Jakarta, Gatra.com - Tujuh orang anggota nonaktif Panitia Pemilihan Luar Negara (PPLN) Kuala Lumpur divonis bersalah telah memalsukan data dan daftar pemilih luar negeri Pemilu 2024 di Kuala Lumpur, Malaysia.
“(Para Terdakwa telah) terbukti secara sah dan meyakinkan telah melakukan tindak Pidana dengan sengaja melakukan perbuatan melawan hukum memalsukan data dan daftar pemilih baik sebagai yang menyuruh melakukan ataupun yang turut serta melakukan,” ucap Ketua Majelis Hakim, Buyung Dwikora saat membacakan putusan dalam persidangan di Pengadilan Negeri Jakarta Pusat, Kamis (21/3).
Para terdakwa dijatuhkan vonis berupa pidana penjara selama 4 bulan dengan masa percobaan selama 1 tahun. Jika dalam masa percobaan masing-masing terdakwa melakukan tindak pidana hukum yang menyebabkan ada putusan pidana dari hakim, para terdakwa akan divonis penjara selama 4 bulan penjara.

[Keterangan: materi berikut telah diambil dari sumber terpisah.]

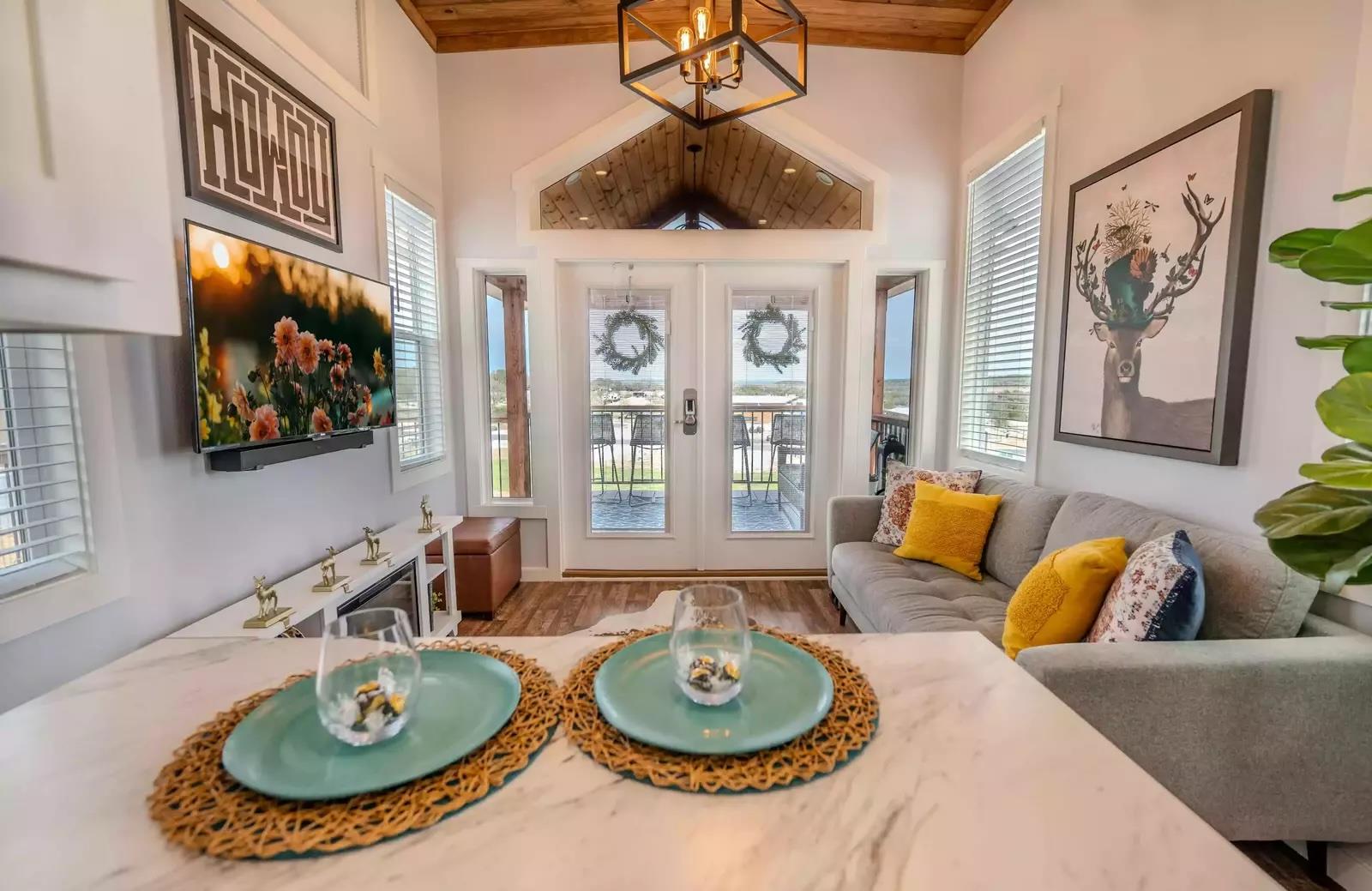 5386 RANCH ROAD 1376 #186, Fredericksburg, TX 78624 photo 4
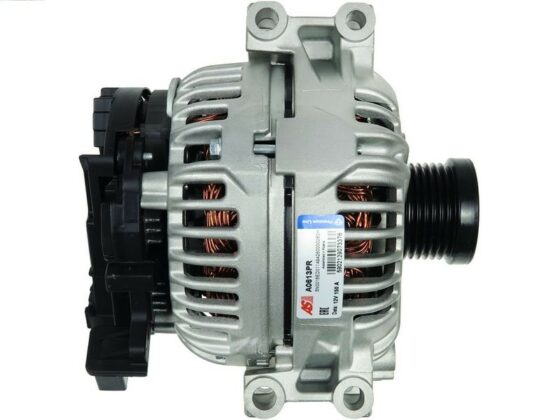 Alternator 116 1.6 i  118 2.0 i  120 2.0 i  316 1.6 Ci  316 1.6 i  316 1.6 Ti  316 1.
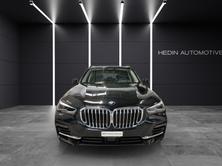 BMW X5 30d xDrive SAG, Hybride Léger Diesel/Électricité, Occasion / Utilisé, Automatique - 3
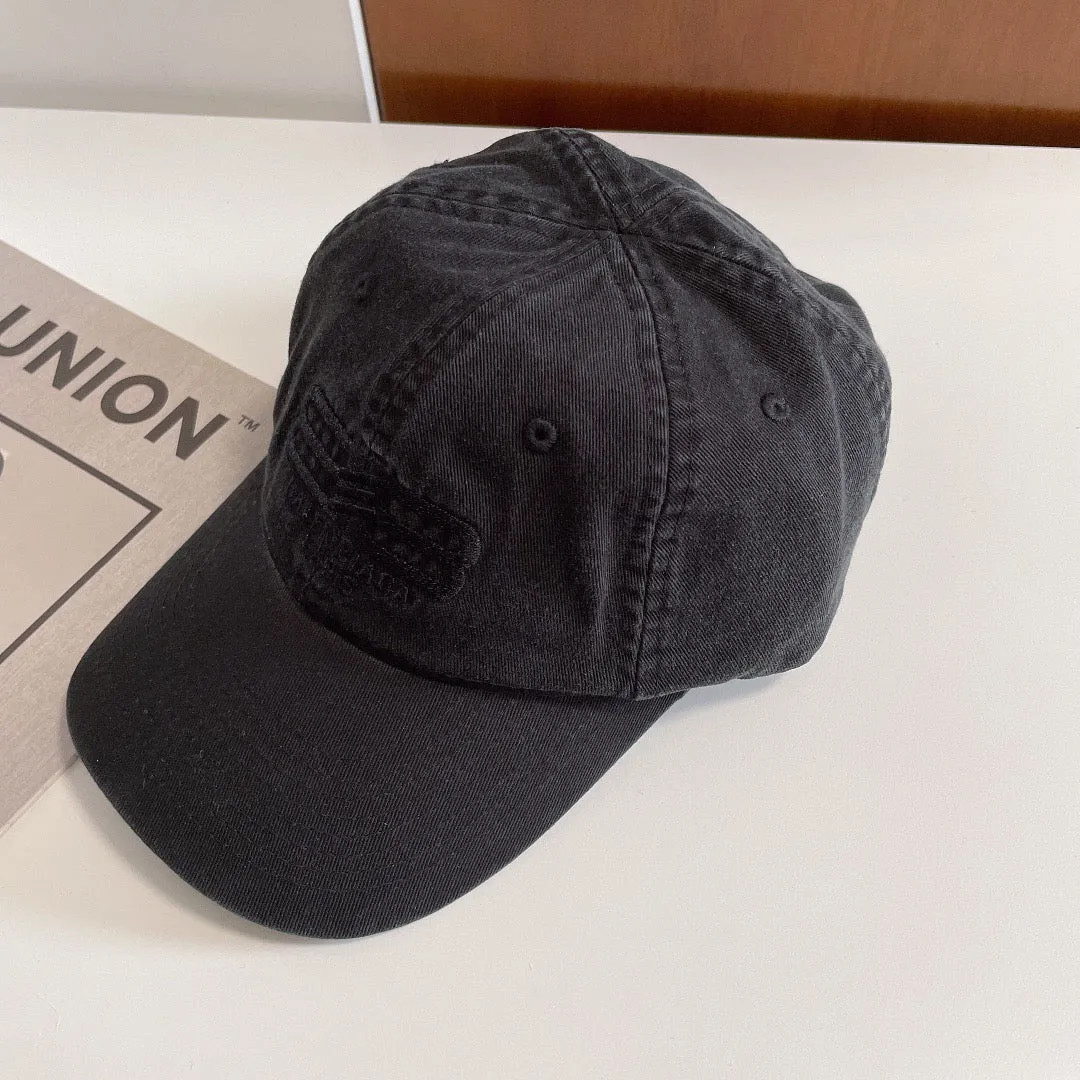 JW677 BCG Women's BB Paris Icon Cap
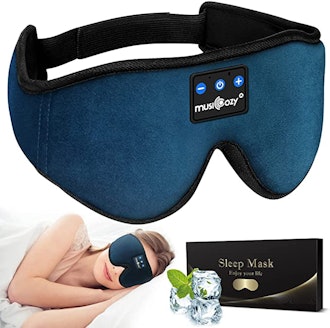 MUSICOZY Sleep Headphones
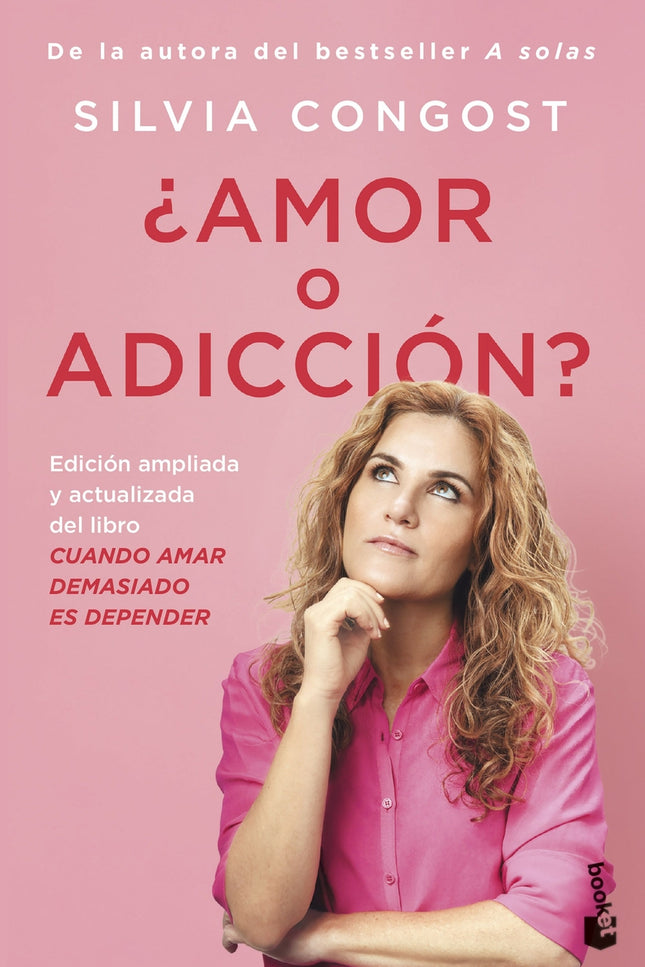 ¿amor O Adicción?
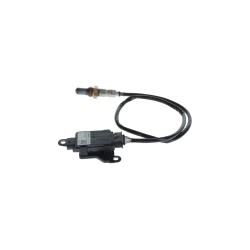 Capteur NOX échappement Pour Peugeot 308 III Opel Fiat Citroën 9830288780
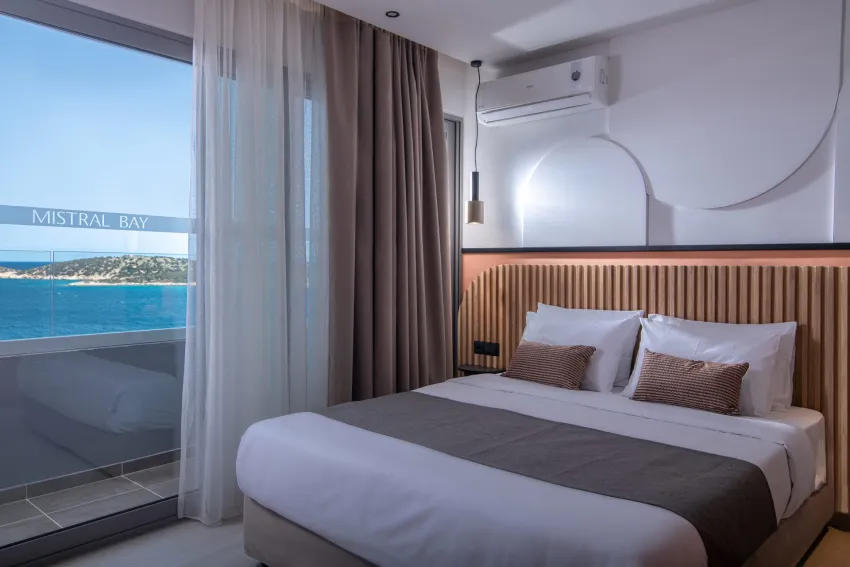 Mistral Bay Hotel 4*-15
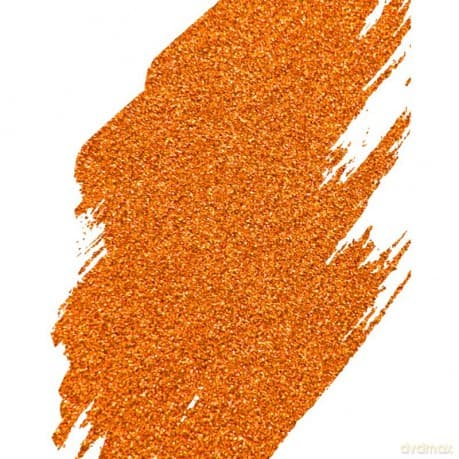 Neess Neonowy Pył Pomarańczowy 2,5 g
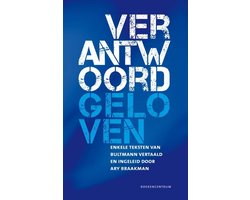 Verantwoord geloven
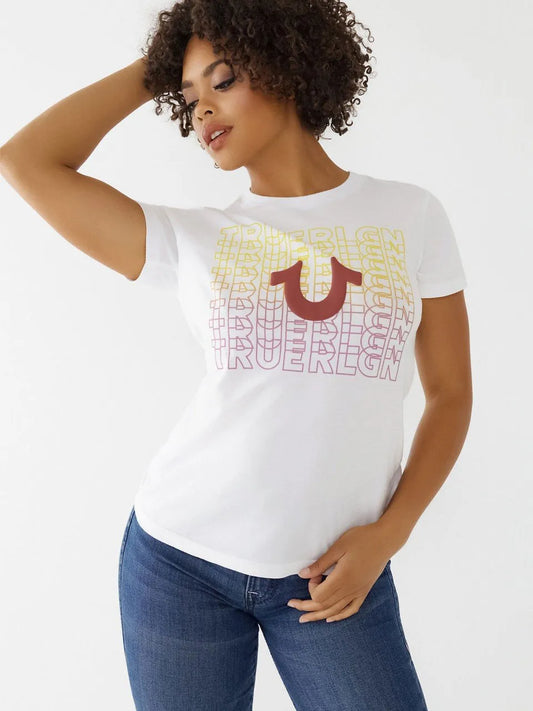 PLAYERAS-MUJER – TRUE RELIGION MEXICO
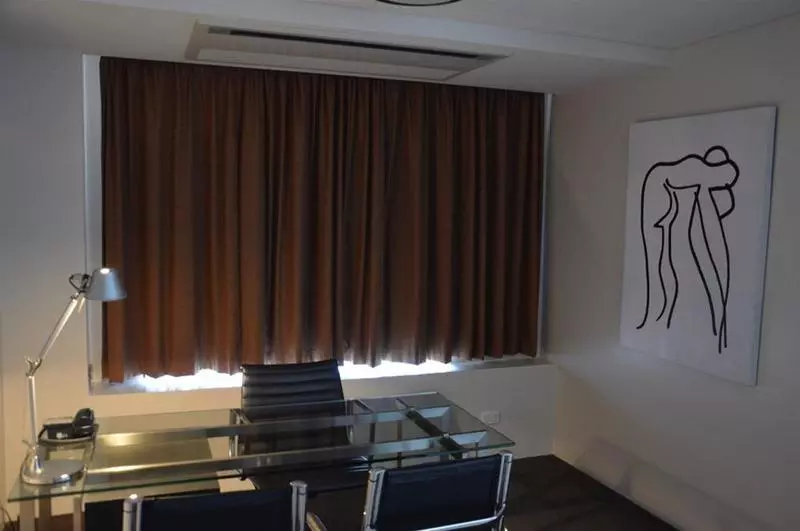 Cbd Executive Apartments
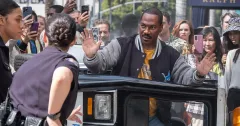 Policajt v Beverly Hills: Axel F: teaser trailer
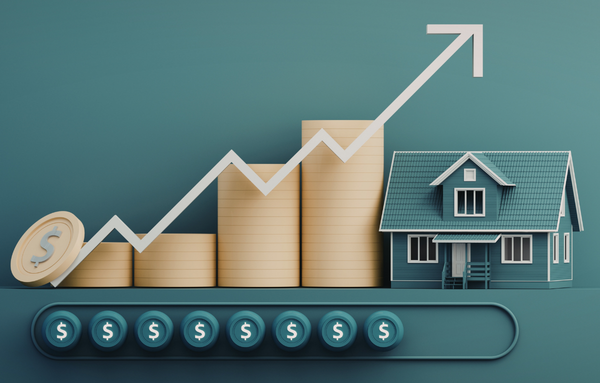 Rénovation et plus value immobilière
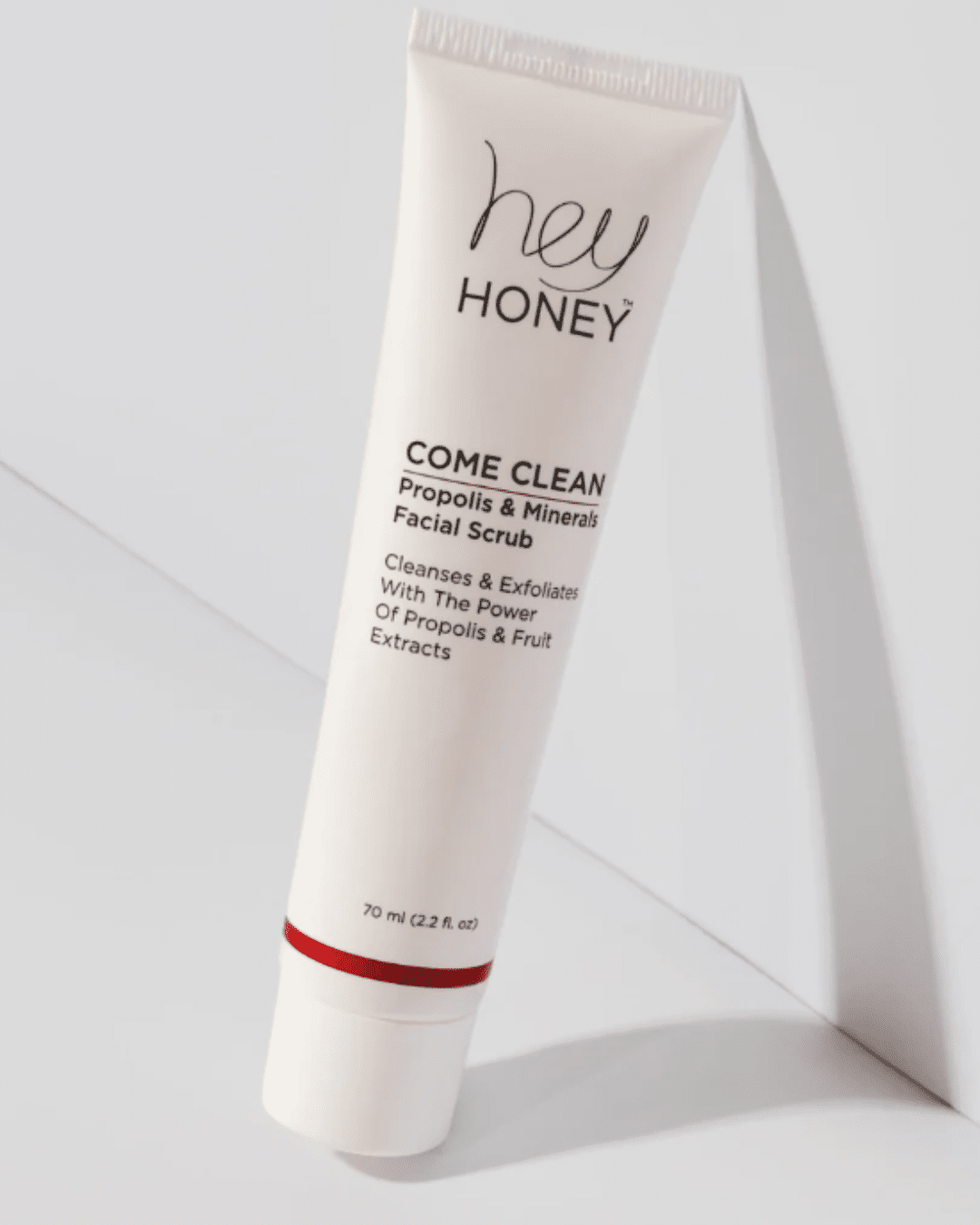 Hey Honey’s Propolis Scrub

“Menetapkan lamanya pidana tersebut tidak perlu dijalani apabila di kemudian hari ada putusan hakim yang menentukan lain disebabkan karena terpidana melakukan tindak pidana sebelum masa percobaan selama 1 tahun berakhir,” lanjut hakim.
Selain itu, para terdakwa juga divonis untuk membayarkan masing-masing sebesar Rp5 juta rupiah. Jika denda ini tidak dibayarkan, para terdakwa masing-masing dijatuhkan pidana penjara selama 2 bulan.
Perbuatan para terdakwa telah melanggar pasal 544 UU RI No 7 tahun 2017 tentang Pemilu jo Pasal 55 Ayat 1 ke-1 KUHP.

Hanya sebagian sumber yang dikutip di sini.